Ancak, tespitin daha çok zamanın ruhuna uygun bir teknik gereklilik olarak anlaşılması gerekmektedir. Kamu diplomasisi faaliyetleri hedef olarak düşünülen kamuların nasıl tanımlanacağından başlayarak onlara hangi vasıtalarla yaklaşılacağına kadar çözümü zor sorunlardan etkilenmektedir. Öncelikle de stratejik kamu diplomasisi ilkelerinin başından itibaren benimsenmesi şarttır.
Başından itibaren ifadesinden öncelikle ulusal çıkar tanımlaması ile başlayan süreç kastedilmektedir.
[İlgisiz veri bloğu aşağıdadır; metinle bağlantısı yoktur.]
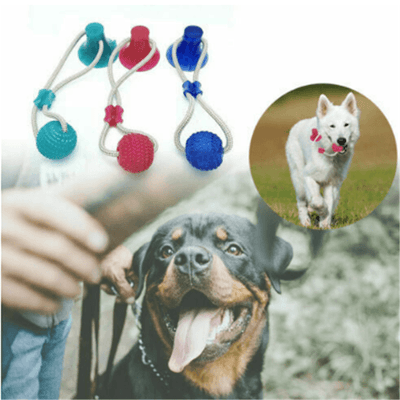 Dog Biting Sucker Multifunction Pet Molar Bite Toy - Dog Hugs Cat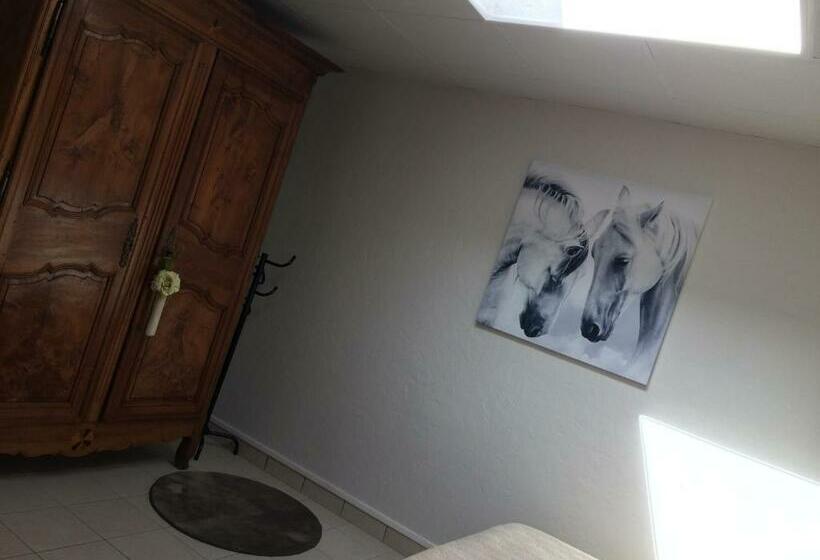 פנסיון Maison Cozy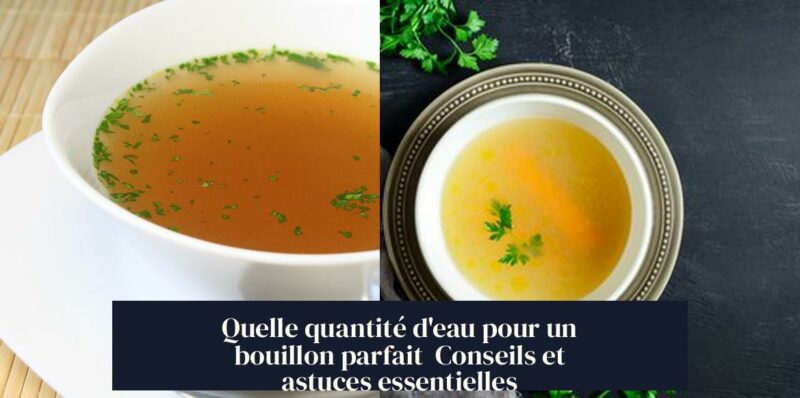 Quelle quantité d'eau pour un bouillon parfait Conseils et astuces essentielles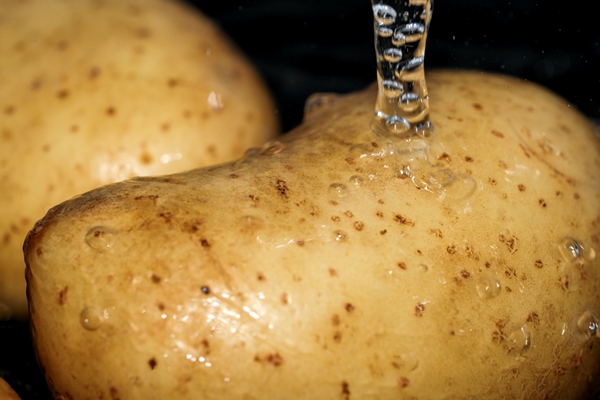 young raw potatoes in their skins are washed in clean water before cooking close up macro photography - Картофель "в мундире"
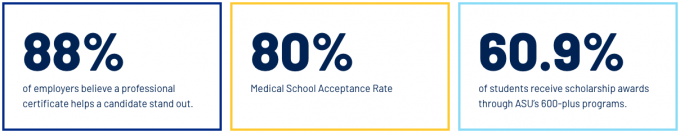 screenshot of the stat block content layout with the bordered option applied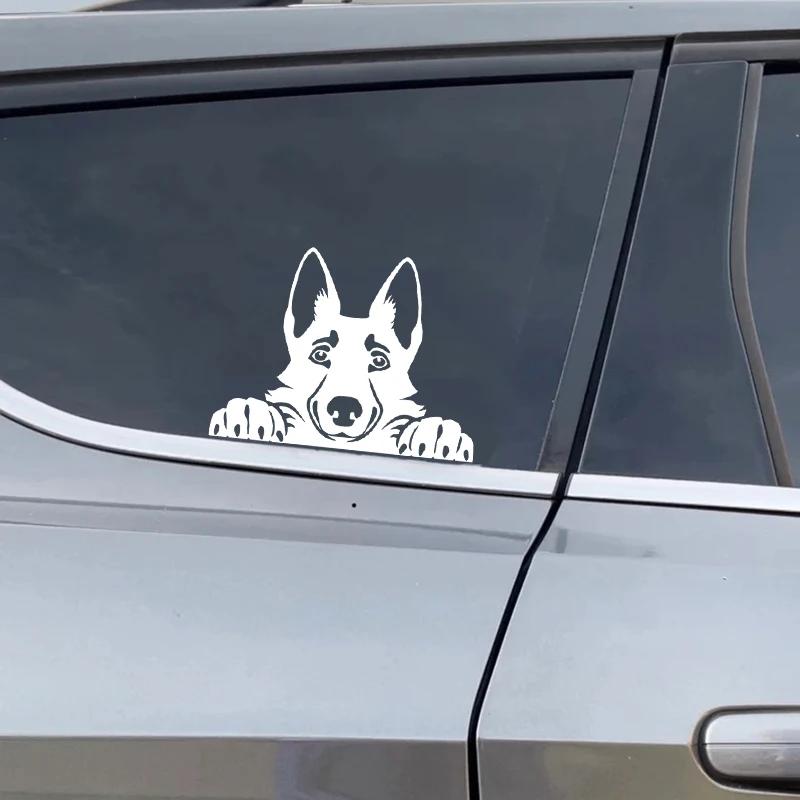 Voitures accessoire décalcomanies drôle chien avec nom voiture décalcomanie chiens animaux de compag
Her devlet bu tanımlamayı yaptıktan sonra ulusal çıkarın nasıl dışa anlatılacağı konusunda kafa yormak zorundadır. Dış dünya sizin ulusal çıkar tanımlamanızı kendisince yorumlayabilir. Fakat maksat o tanımlamanın sizin tarafınızdan yapıldığı şekilde somutlaştırılması ve ifade edilmesidir. Süreçteki sonraki aşama ise hedefi belirlemek, her yönüyle tanımak ve hangi yöntemlerle çalışılacağı konusunda karar vermektir. Sonrasında ise icra edecek yetkin kişi ve kurumların devreye girmesi gerekir. Tüm bu aşamaların disiplinler arası bir strateji kapsamında birbiri ardından hayata geçirilmesi stratejik kamu diplomasisinin olmazsa olmazıdır.